▸ **WHAT THIS TASK INVOLVES**: Return the data below exactly, but only from the line containing "FREE GCSE English" through the line containing "A vintage-style metal", with both of those lines included.

▸ **DATA FOR PROCESSING**:
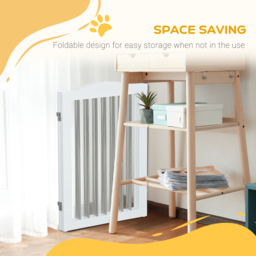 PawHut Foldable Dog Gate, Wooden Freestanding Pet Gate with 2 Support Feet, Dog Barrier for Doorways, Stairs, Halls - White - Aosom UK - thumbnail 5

--

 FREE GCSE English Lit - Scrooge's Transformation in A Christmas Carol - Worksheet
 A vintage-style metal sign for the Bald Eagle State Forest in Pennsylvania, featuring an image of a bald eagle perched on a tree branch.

▸ **OUTPUT OF THE EXERCISE**:
 FREE GCSE English Lit - Scrooge's Transformation in A Christmas Carol - Worksheet
 A vintage-style metal sign for the Bald Eagle State Forest in Pennsylvania, featuring an image of a bald eagle perched on a tree branch.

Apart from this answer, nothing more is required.